ECLI:NL:CRVB:2014:4353
Centrale Raad van Beroep
- Hoger beroep
- Rechtspraak.nl
Afwijzing aanvraag bijstandsuitkering wegens onvoldoende wederzijdse zorg in gezamenlijke huishouding
In deze zaak heeft de Centrale Raad van Beroep op 23 december 2014 uitspraak gedaan in hoger beroep tegen een eerdere beslissing van de rechtbank Midden-Nederland. De appellant had een aanvraag om bijstandsuitkering ingediend op 20 december 2012, maar deze werd afgewezen door het college van burgemeester en wethouders van Weesp. Het college stelde dat de appellant samen met een medebewoner een gezamenlijke huishouding voerde, wat volgens de Wet werk en bijstand (WWB) gevolgen heeft voor het recht op bijstand. De rechtbank had het beroep van de appellant tegen deze afwijzing ongegrond verklaard.
De Raad oordeelde dat het college ten onrechte had aangenomen dat er sprake was van een gezamenlijke huishouding. De Raad stelde vast dat, hoewel de appellant en de medebewoner op hetzelfde adres woonden, er onvoldoende bewijs was voor de vereiste wederzijdse zorg.
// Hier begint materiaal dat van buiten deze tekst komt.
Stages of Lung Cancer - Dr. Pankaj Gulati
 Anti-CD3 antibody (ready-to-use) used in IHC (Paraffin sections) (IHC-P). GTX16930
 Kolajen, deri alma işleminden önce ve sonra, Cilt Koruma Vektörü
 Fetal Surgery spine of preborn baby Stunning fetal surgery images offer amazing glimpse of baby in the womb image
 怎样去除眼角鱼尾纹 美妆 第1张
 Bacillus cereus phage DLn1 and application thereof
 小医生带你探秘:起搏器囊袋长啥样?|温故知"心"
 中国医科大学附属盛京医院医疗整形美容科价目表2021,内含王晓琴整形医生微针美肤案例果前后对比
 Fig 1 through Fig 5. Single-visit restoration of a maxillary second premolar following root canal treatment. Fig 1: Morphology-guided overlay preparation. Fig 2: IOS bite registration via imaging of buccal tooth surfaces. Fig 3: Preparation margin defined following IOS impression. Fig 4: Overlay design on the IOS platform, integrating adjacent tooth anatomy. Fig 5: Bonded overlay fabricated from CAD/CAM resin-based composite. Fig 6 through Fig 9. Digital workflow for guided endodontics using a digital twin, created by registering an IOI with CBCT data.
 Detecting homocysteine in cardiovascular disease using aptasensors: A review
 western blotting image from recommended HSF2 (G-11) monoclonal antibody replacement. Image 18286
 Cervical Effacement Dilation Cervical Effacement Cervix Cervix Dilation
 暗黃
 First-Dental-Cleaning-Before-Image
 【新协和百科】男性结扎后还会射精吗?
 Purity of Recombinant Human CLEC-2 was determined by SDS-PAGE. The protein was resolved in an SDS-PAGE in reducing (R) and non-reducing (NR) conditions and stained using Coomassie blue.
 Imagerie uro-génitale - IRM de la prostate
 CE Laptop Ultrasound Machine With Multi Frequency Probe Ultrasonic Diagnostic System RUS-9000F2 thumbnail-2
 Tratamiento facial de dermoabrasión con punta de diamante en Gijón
De appellant had niet de benodigde informatie verstrekt over zijn financiële situatie, wat essentieel is voor de beoordeling van het recht op bijstand. De Raad benadrukte dat de bewijslast voor de bijstandbehoevendheid bij de aanvrager ligt.
Uiteindelijk bevestigde de Centrale Raad van Beroep de uitspraak van de rechtbank, maar met verbetering van gronden. De Raad concludeerde dat de aanvraag om bijstand terecht was afgewezen, omdat de appellant niet had aangetoond dat hij recht had op bijstand. De uitspraak werd gedaan door M. Hillen, met C.M. Fleuren als griffier, en werd openbaar uitgesproken op dezelfde datum.